Now you could take this story as a mockery of the French way of doing things, but the American tourists I’ve seen loudly berating French workers for their bad customer service have got that angle covered.
In fact, I love these kinds of experiences, though they can be distressing at the time, and they are exactly part of the reason I travel. I want to have my mental models challenged by a different culture.

There is a perfectly good system at work there that Parisians navigate every day, I just didn’t understand it, but now I do, and having done so, I’m now just a little bit more competent at how to get needful things done in Paris.

Working with Systems Is Working with Mental Models


Though you could just read this as an amusing anecdote about travel, my real purpose in telling it is to apply it to thinking about useful systems. Doing software development, or managing a team, or running a business are all about navigating, manipulating and improving systems. To work with a system effectively, you need to have a good mental model of that system.

If you want to lead a team, one of your biggest challenges is to communicate your mental model of the undertaking you want the team to pursue. Only if all the members of the team share a mental model which is adequate to the task at hand can they work together to produced the desired end.

In fact, I would go so far as to say that to call yourself competent at some skill is to say that you have acquired an adequate mental model of that skill.

Humility Is the Path to Competence


As the iron-buying story illustrates, it can be frustrating and humiliating to be confronted by a foreign mental model. We are comfortable considering ourselves to be competent adults, knowing how to do things in the world, and being confronted with our own incompetence in the face of an unknown mental model can be painful.

This often leads us to disparage the people that have that mental model. For example, I’ve seen tech teams and sales teams run each other down behind their backs, each side thinking that what they do is complex and valuable, and what the other does is simple or over-valued. The fact is that each has invested a lot into understanding a complex mental model that underlies their respective competence, and it is easier to run down the other’s mental model than to accept their own lack of competence in the other’s domain.

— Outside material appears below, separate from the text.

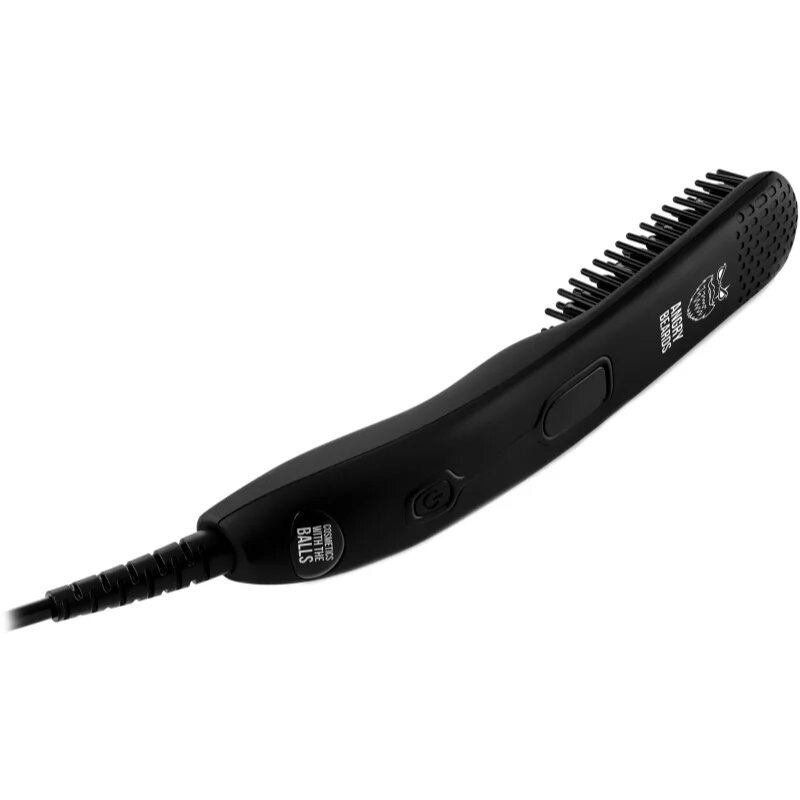 Angry Beards Beard Straightener преса за брада 1 бр.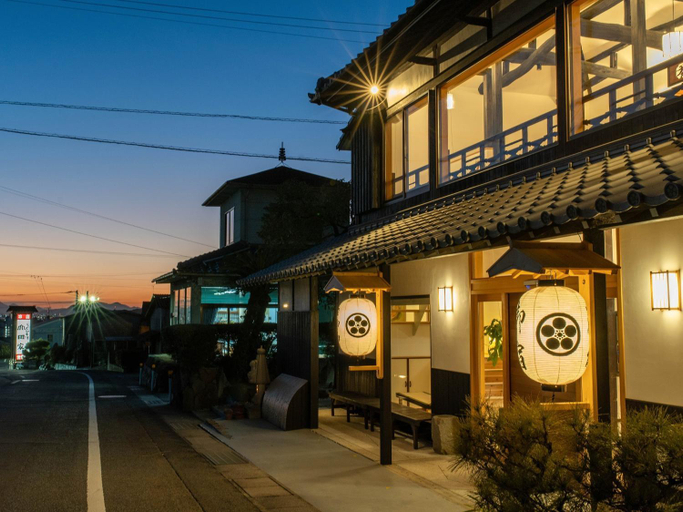 Exterior & Views 1, Takayanagi Ryokan - Vacation STAY 88522v, Takamatsu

My experience is that if I’m not getting the results I want, or if I’m having trouble communicating with someone else, the challenge is to discover the right mental model to make me competent at that task. The necessary ingredient, sometimes hard to practice, is the humility to abandon the comfortable mental model I’ve already mastered to be able to absorb the new mental model at which I am just a clueless newbie. Only by accepting my incompetence can I find the road to competence.